The change to MSI’s view for China’s imports this year stems from several factors. Perhaps the most powerful signal is the recent historical trend: Chart 1 plots China’s monthly iron ore imports by year – 2021’s trend is now on a downwards trajectory, although we note that the second half of the year is usually stronger than the first.

Lower cargo growth in 2021 means our estimate for tonne-mile demand growth has declined from 6.3% yoy in our view published three months ago to 4.6% yoy in this update. Notably, our headline Dwt demand outlook is barely changed at a robust 6.4% yoy as we have again increased our assessments of days in port for 2021.

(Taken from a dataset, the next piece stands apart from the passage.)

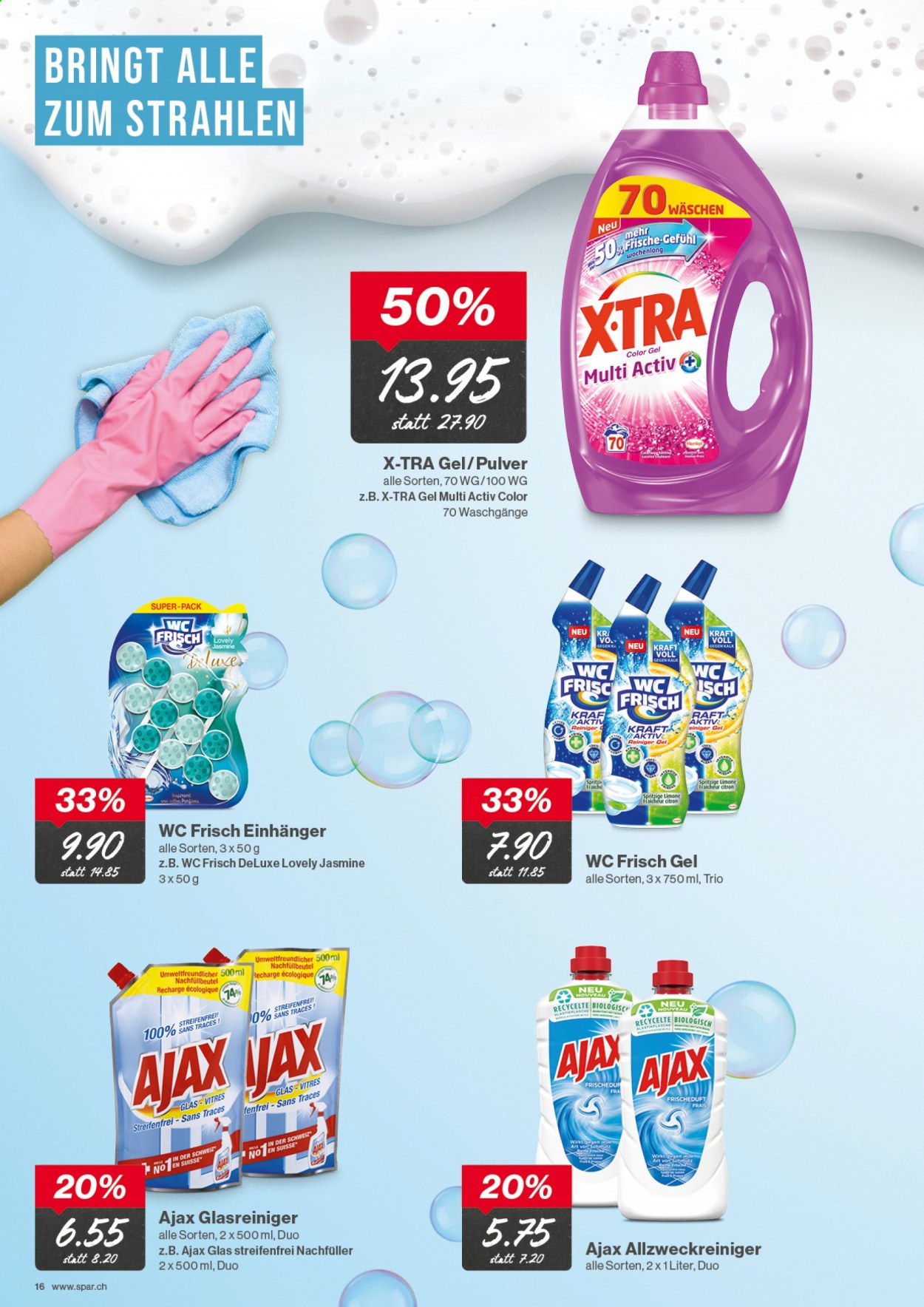 Catalogue SPAR - 9.3.2021 - 13.3.2021. Page 16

Chart 2 plots the average days spent waiting to discharge in China for the Panamax, Handymax and Handysize bulker segments according to data from Oceanbolt. Since this time last year, time spent waiting has been far higher than any period since 2015.

Note that with China accounting for such a high concentration of cargo, increasing time in port there has leveraged the impact of cargo volumes on the requirement for ships. To understand the impact of higher port days, we ran a scenario through our market model on MSI HORIZON with port days in 2021 at the 2015-2019 historical average. The outcome is startling – in this scenario the dry bulk fleet employment rate would be 81%, like the weak markets of 2015 and 2016. Handysize 1 Yr T/C rates would be only $7.8 k/Day in 2021, compared with $18 k/Day in our Base Case.

To MSI this is critical to understanding the drivers of the current freight market strength, and to build an informed sense of its likely direction. To put it more clearly, port congestion is a major reason behind high freight earnings. The outlook for port delays, therefore, remains a critical factor in assessing the outlook for the dry bulk earnings. This is a position that MSI has held front and center of our analysis for much of this year and has been reinforced by the latest market developments.